Inequity in the distribution of work, the concentration of economic powers in technology companies and in political authorities, are part of the challenges facing technology, in times when the pie is not so big to be shared with everybody.
Covid-19: Precipitating Automation
It is undeniable that this catastrophe has raised the red flags in our sector, leading us to analyze even the need for lawyers to be trained in the use and implementation of technology in the university programs. It has rushed us to undertake measures in order to compete with emerging systems, anticipating a virtual ecosystem of legal services that entails not only the provision of the service, but also safe, flexible solutions, with verified contingency protocols to guarantee the same level of fluent service and communication channels between clients, the team itself and the relevant institutions for the service in question.
We are of the opinion that no sector will be immune from the need to transform to an automatic scheme. Unquestionably, countries like ours, which do not have a high rate of internet connectivity, have a greater challenge that must also lead the public sector in this same direction, projecting that within 10 years we will have a more industrialized legal practice.
Home working
This webinar allows us to confirm the impacts of digital transformation on employment, since digital configurations and information flows imply a process of substitution of practices on the occasion of a self-programmable job. However, we are of the opinion that our practice still has a time to be people-centered; In other words, technological advance does not detract from the importance of human resources, but rather allows them to be more productive, more agile and innovative.
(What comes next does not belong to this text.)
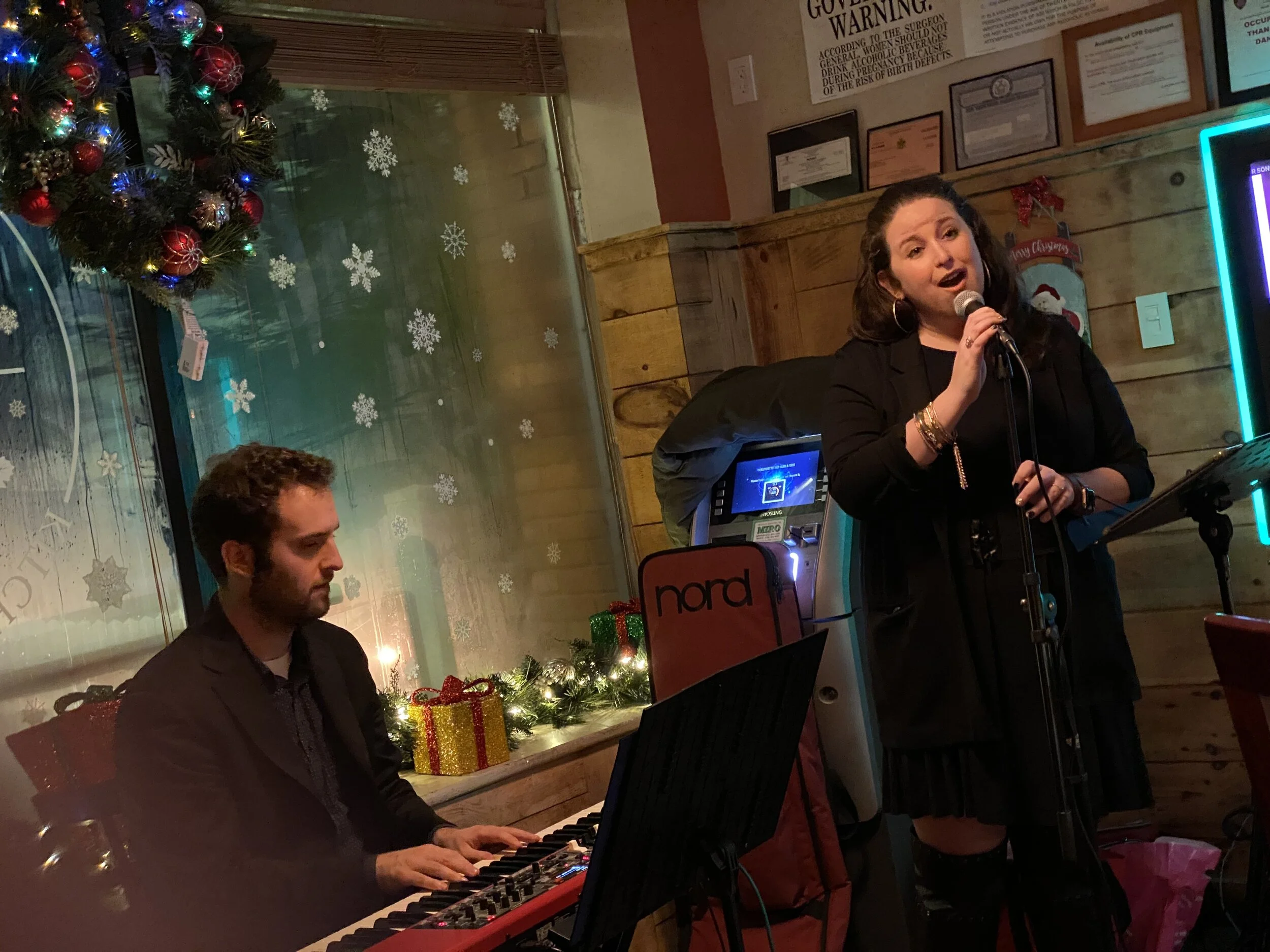 A Night at the Husk and Vine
Some of the concerns that we have raised, from a strategic point, is the need to have a large office space. Does legal service merit a significant investment in an office? especially at a time when the implementation of technology in legal service means a change for the client to receive legal advice that is accessible, affordable and reliable.
That said, our conclusion is that digital work revolves around people and follows them wherever they go, so we predict investments in tools that contribute to increasingly efficient teleworking and less in physical infrastructure. We warn that these transformations can take time, and that the digitization of work would have important impacts on the way of working, of managing human resources, on business cultures and on the way of organizing work.
Finally, a little optimism about Covid-19 is that the long process of digital transformation configures a moment capable of designing new business models to be more flexible, adaptable and capable of responding to the effects of the new digital economy. Without a doubt, physical separations, distance training and the aforementioned new business models are factors that will lead to a new path, and it only remains to turn this need for automation and transformation into an opportunity with long-term results.